Enquanto seus posicionamentos sobre uma abordagem do direito penal mais favorável aos réus são largamente conhecidos, em outros temas ainda não houve manifestação pública. É o caso, por exemplo, da descriminalização das drogas, do aborto e das questões ambientais, que devem ser explorados na sabatina. Em encontro com lideranças evangélicas, Zanin disse, segundo os presentes, que a descriminalização do aborto e das drogas são temas do Legislativo, e não do Judiciário.
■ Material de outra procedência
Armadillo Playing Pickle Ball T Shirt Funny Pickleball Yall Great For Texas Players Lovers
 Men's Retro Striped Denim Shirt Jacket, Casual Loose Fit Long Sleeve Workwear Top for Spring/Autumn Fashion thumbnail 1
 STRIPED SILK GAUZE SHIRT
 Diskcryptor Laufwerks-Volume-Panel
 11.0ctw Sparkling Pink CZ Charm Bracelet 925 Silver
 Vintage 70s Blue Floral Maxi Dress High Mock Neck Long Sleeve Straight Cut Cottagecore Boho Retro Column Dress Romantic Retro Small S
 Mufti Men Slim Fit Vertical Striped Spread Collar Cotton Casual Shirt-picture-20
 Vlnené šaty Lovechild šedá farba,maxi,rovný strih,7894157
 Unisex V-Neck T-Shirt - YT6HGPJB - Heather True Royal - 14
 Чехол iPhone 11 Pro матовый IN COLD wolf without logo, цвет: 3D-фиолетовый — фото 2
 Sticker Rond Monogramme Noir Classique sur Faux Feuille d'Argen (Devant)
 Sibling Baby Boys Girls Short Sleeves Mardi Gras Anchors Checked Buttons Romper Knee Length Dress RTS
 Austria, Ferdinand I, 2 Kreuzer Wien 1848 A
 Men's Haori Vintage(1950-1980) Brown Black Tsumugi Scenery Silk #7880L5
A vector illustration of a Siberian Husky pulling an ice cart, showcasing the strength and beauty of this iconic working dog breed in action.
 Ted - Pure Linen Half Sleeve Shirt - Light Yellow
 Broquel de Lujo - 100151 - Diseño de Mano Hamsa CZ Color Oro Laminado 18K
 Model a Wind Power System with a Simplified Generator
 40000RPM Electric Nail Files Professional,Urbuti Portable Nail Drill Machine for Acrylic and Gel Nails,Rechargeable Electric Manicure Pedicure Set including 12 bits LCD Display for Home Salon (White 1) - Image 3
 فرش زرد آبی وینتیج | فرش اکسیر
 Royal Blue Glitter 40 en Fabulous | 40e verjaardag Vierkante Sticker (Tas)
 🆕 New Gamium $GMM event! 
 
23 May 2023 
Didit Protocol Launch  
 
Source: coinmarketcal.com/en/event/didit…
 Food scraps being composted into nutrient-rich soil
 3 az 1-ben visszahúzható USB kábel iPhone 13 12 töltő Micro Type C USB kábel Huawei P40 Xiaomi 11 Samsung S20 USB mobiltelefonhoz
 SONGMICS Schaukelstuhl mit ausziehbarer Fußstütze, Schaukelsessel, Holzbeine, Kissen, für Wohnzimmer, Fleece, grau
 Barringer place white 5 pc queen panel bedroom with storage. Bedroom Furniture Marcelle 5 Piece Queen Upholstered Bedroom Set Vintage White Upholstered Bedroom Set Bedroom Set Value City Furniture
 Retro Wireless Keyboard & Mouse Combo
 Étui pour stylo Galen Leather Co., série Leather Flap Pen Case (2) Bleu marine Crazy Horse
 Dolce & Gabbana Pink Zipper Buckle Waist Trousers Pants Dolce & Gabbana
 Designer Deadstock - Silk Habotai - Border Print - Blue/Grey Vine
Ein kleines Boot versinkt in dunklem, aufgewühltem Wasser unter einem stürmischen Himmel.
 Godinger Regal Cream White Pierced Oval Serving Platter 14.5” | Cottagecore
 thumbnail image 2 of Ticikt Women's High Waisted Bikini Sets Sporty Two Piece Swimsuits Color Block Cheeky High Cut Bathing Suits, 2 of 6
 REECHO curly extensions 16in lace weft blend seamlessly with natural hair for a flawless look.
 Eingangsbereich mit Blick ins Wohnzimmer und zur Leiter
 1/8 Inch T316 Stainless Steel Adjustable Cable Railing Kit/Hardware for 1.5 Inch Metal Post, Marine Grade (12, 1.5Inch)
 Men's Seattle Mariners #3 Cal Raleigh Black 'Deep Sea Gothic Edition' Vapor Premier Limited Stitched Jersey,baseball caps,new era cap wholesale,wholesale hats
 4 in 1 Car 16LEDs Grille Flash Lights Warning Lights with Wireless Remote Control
Durante seu périplo em busca de aprovação, Zanin também foi questionado por senadores se, uma vez no STF, iria recebê-los em seu gabinete, sem “chá de cadeira”.
— Para mim, ele não é só o advogado de Lula. É garantista, cumpre a Constituição. Não acredita nessa teoria de que não tem prova, mas tem convicção. A gente sabe que no Brasil tem milhares de homens e mulheres que estão presos sem provas, mas porque os acusadores têm convicção — disse a senadora Zenaide Maia (PSD-RN).
A chegada de Zanin deverá manter na Corte um ministro nos moldes de Lewandowski, seu antecessor, também garantista e crítico à Lava-Jato. A opinião de Zanin com relação à atuação do Ministério Público também se assemelha às posições que Lewandowski adotou ao longo dos últimos anos no Supremo. Por isso, sua posse como ministro é vista como uma “manutenção” do equilíbrio de forças dentro do tribunal, composto por 11 membros.
O ex-ministro Ayres Britto avalia que o Senado, ao sabatiná-lo, precisa questionar, principalmente, se ele é um defensor da democracia.
— Depois dos últimos anos, daquela tentativa de “democraticídio”, é o que há de mais importante. Saber explicitamente se é um democrata raiz, porque a democracia é o princípio maior da Constituição brasileira — disse ao GLOBO.
O ex-presidente do STF Celso de Mello acrescentou que o advogado, aos 47 anos, “preenche todos os atributos constitucionais” para a nomeação:
— A sua juventude representa um fator de grande importância, pois permitirá que ele, com seu saber de experiência, contribua enormemente, e com significativo impacto, para o enriquecimento da jurisprudência de nossa Corte Suprema.